_Task objective:_ Reproduce the records without their pictures, keeping every word as it is.

---------- Data provided ----------

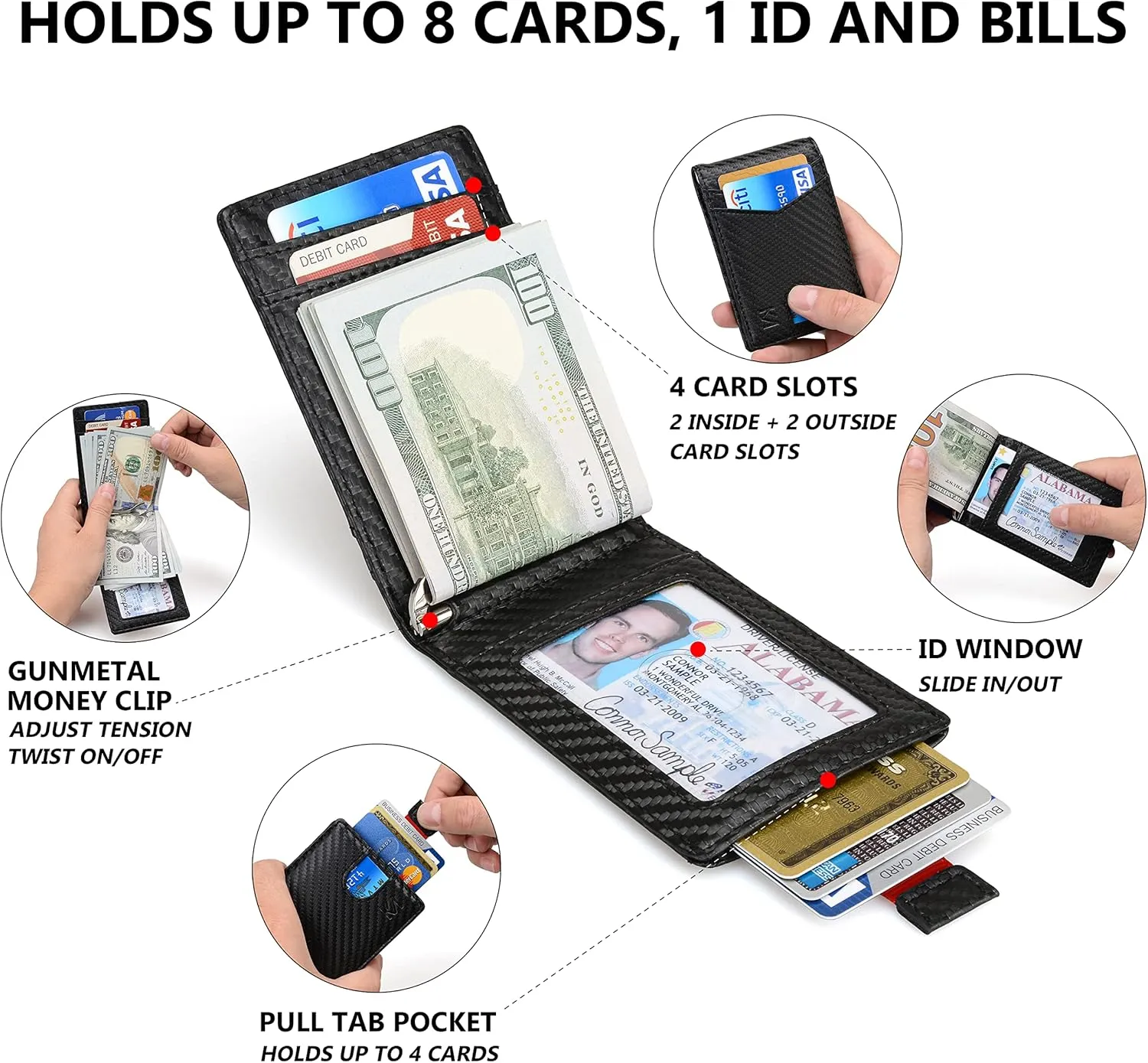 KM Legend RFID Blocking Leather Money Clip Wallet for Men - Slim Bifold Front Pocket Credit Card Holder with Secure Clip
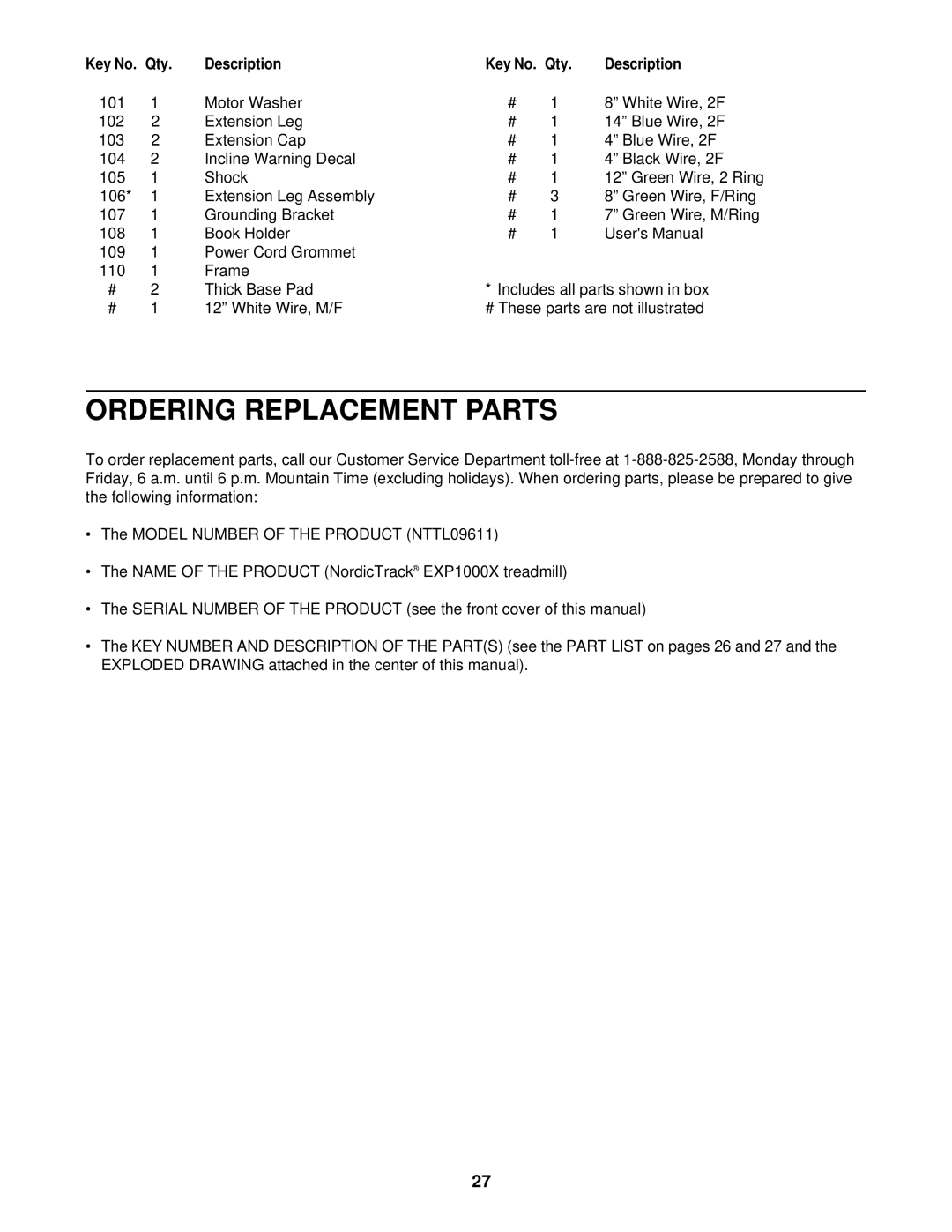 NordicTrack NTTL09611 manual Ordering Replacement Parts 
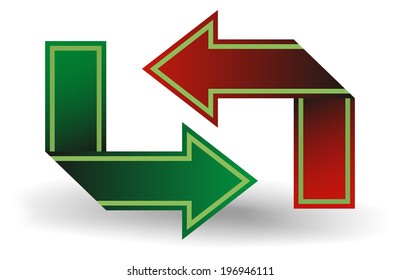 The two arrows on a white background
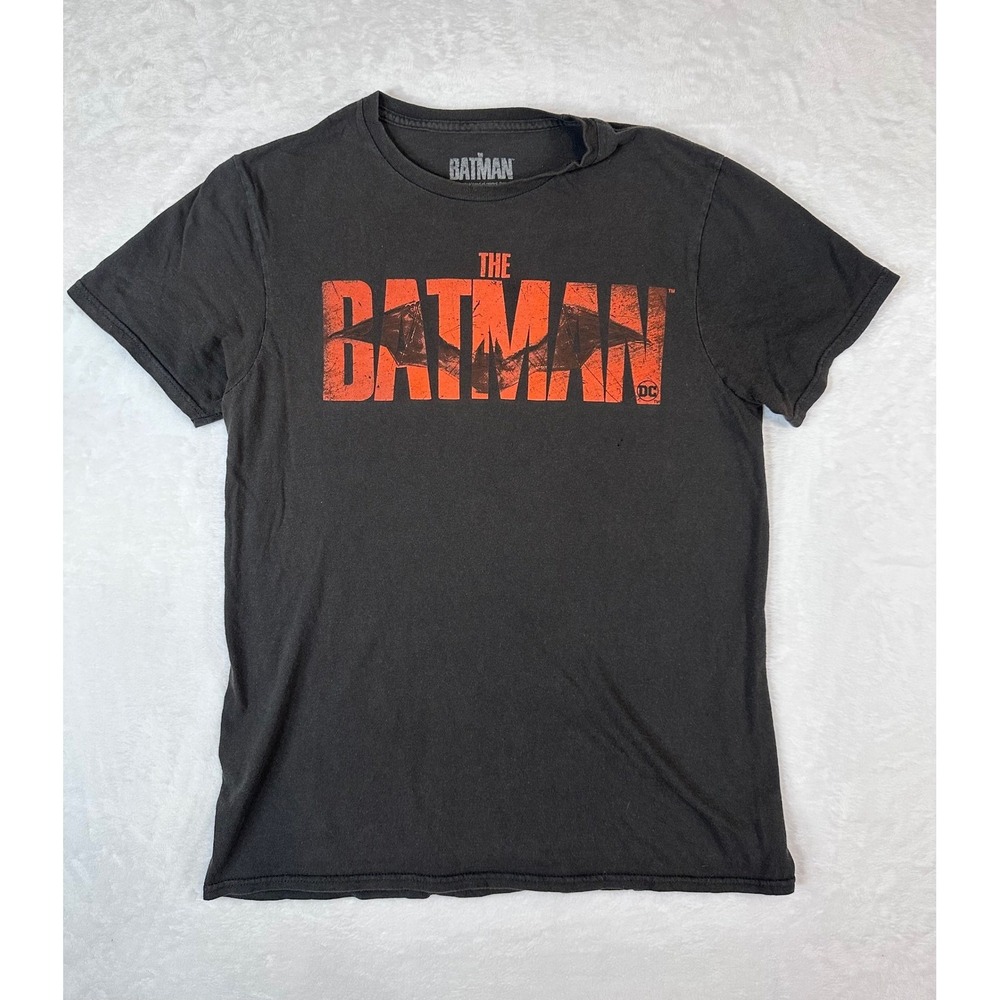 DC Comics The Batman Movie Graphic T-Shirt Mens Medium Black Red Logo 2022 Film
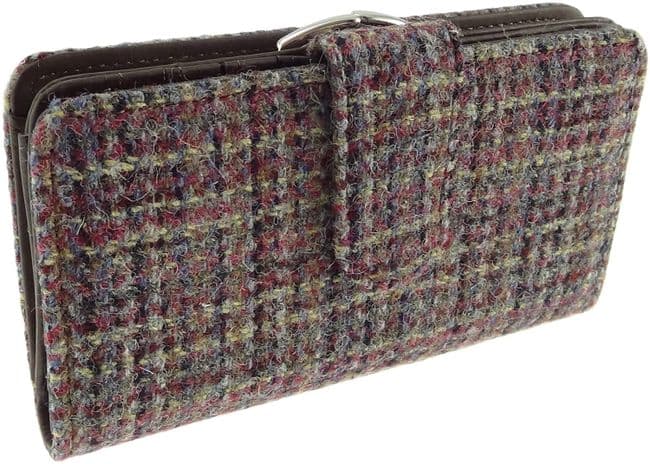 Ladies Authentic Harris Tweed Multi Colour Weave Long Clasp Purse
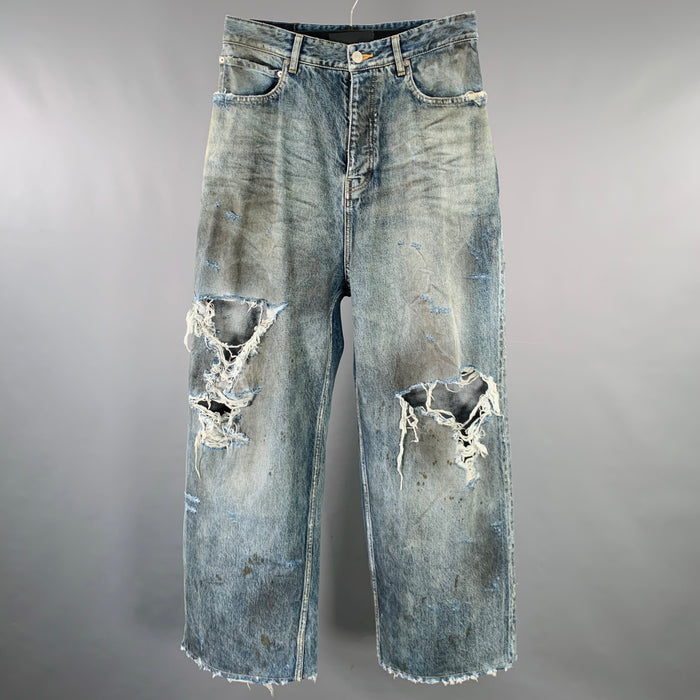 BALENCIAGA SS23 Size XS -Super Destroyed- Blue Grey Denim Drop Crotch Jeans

----------

_Output:_
 KM Legend RFID Blocking Leather Money Clip Wallet for Men - Slim Bifold Front Pocket Credit Card Holder with Secure Clip
 NordicTrack NTTL09611 manual Ordering Replacement Parts 
 The two arrows on a white background
 DC Comics The Batman Movie Graphic T-Shirt Mens Medium Black Red Logo 2022 Film
 Ladies Authentic Harris Tweed Multi Colour Weave Long Clasp Purse
 BALENCIAGA SS23 Size XS -Super Destroyed- Blue Grey Denim Drop Crotch Jeans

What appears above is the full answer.